There's no precedent for an Islamic state in practice. Historically, rulers sought the support of Islamic scholars and religious leaders to legitimize their authority, but religious authorities needed to maintain their autonomy. This was always a negotiated relationship, not a marriage.
The experience of the vast majority of Muslims across the world today is about struggles for constitutionalism and human rights, economic development and social justice – not about the quest for Islamic states to enforce sharia. The world community must support Muslims in these struggles instead of punishing them for the sins of the extremist fringe of political Islamists.
Muslims and others often blame sharia and Islam for the backwardness and underdevelopment of Islamic societies. This view is inaccurate and unproductive. Such blame shifts responsibility and the ability to change away from Muslims as human agents to abstract forces or causes.
Historical interpretations of sharia that discriminate against women and non-Muslims can and should be reinterpreted and reformed. Without such transformation, state officials cannot be expected or trusted to uphold principles of constitutionalism and human rights. Yet those principles are prerequisites for advocating the necessary transformation. The secular state provides the space for and facilitates both aspects of this dialectic process.
• Abdullahi Ahmed An-Na`im is the author of the forthcoming book "Islam and Secular State: Negotiating the future of Sharia." Burqas and ballots
By Jocelyne Cesari
CAMBRIDGE, MASS. – Islam is often perceived as a potential threat to democratization. Justifications for this view are grounded in the common view that for Islam there's no separation between politics and religion.
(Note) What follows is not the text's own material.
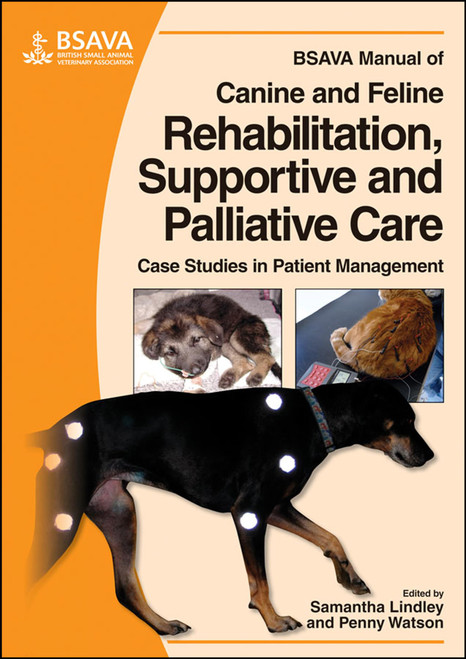 BSAVA Manual of Canine and Feline Rehabilitation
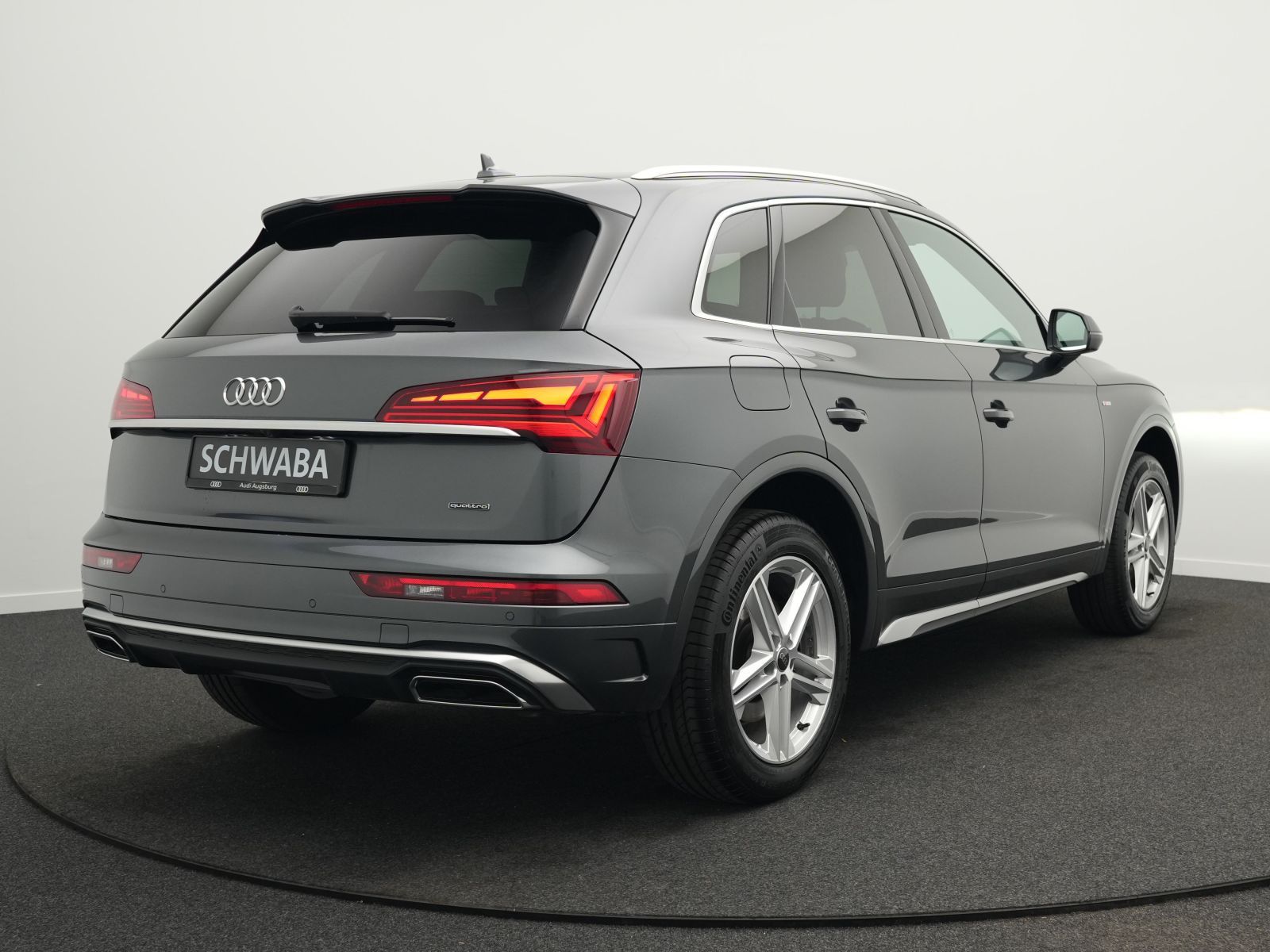 Audi Q5 50 TFSI e qu. *2x S line*AHK*LED*KAM*19"* imagem 3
In the West, politics based on individual rights and religion as independent of the state have marked the triumph of a liberal vision of the self within a secularized public arena. It may be argued that no similar movement has taken place in the Muslim world. It may be tempting, then, to infer that the Muslim mind is resistant to secularization. However, the reasons for such resistance are political and contextual and have very little to do with the Koran.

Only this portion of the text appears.